Secondo Rocco Pirri, il convento di San Domenico di Augusta fu fondato da Reginaldo d'Orléans, qualche anno dopo il riconoscimento canonico dell’Ordine dei frati predicatori (Domenicani) del gennaio 1217
Secondo Rocco Pirri, il convento di San Domenico di Augusta fu fondato da Reginaldo d’Orléans, qualche anno dopo il riconoscimento canonico dell’Ordine dei frati predicatori (Domenicani) del gennaio 1217.
La sua fondazione durante il regno di Federico II sarebbe confermata da un elenco cronologico di conventi domenicani siciliani, stilato nel 1304 da Bernardo Gui (il cattivo del “Nome della Rosa”), in cui il monastero di Augusta è citato dopo quelli di Messina e Piazza Armerina. (C. Longo, La fondazione del convento domenicano di Augusta, 1992)

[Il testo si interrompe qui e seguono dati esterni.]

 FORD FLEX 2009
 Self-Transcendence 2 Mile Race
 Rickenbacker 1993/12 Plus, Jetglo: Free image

Non conosciamo praticamente nulla sul convento di San Domenico durante i primi secoli della sua esistenza né sul suo aspetto né sul ruolo che giocò durante i caotici regni dei primi sovrani Aragonesi, quando la città era in potere dei Moncada.

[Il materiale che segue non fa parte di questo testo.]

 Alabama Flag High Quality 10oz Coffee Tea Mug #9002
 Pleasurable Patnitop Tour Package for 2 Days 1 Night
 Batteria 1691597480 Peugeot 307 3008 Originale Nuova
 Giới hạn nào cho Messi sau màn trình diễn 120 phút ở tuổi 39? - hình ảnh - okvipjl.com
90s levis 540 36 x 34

Una prima notizia sul convento risale infatti solo alla seconda metà del XV secolo, quando al suo interno fu posto il sarcofago funebre del conte di Augusta Sancio Landogna, purtroppo andato distrutto alla fine degli anni Cinquanta. (Foto tratta da: https://www.augusta-framacamo.net).

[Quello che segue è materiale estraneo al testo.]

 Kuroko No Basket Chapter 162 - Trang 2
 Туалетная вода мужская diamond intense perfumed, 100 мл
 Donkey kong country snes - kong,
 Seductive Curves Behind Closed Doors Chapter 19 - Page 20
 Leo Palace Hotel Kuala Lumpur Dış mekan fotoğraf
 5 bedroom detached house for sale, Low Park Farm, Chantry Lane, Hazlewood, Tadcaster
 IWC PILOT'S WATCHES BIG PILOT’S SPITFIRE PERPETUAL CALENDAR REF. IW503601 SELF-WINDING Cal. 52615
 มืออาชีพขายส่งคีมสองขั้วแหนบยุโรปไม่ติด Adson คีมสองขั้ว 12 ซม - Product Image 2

L’importante ruolo svolto dalla comunità monastica in città fu riconosciuto nel 1516 quando San Domenico fu proclamato patrono e protettore di Augusta.
La sua solennità viene festeggiata ancora oggi il 24 maggio, in ricordo della cacciata dei turchi, grazie ad un intervento miracoloso del santo, negli stessi giorni del 1594.
La chiesa attuale è il frutto degli innumerevoli rimaneggiamenti e ricostruzioni cui fu sottoposta sin dal XVI secolo.
Gravemente danneggiata dal terremoto del 1542 e poi incendiata da forze ottomane sbarcate in città nel 1551, la chiesa fu oggetto di lavori di restauro e di ampliamento che si prolungarono per quasi mezzo secolo, ad opera dell’augustano fra’ Salvatore Tringali.
Rasa al suolo dal terremoto del 1693 fu oggetto di rapidi lavori di ricostruzione per essere poi ancora una volta danneggiata dal sisma del 1848 cosicché l’attuale chiesa in stile neoclassico è il prodotto di lavori di rifacimento, affidati all’ingegnere Luciano Ferraguto, solo nel 1876.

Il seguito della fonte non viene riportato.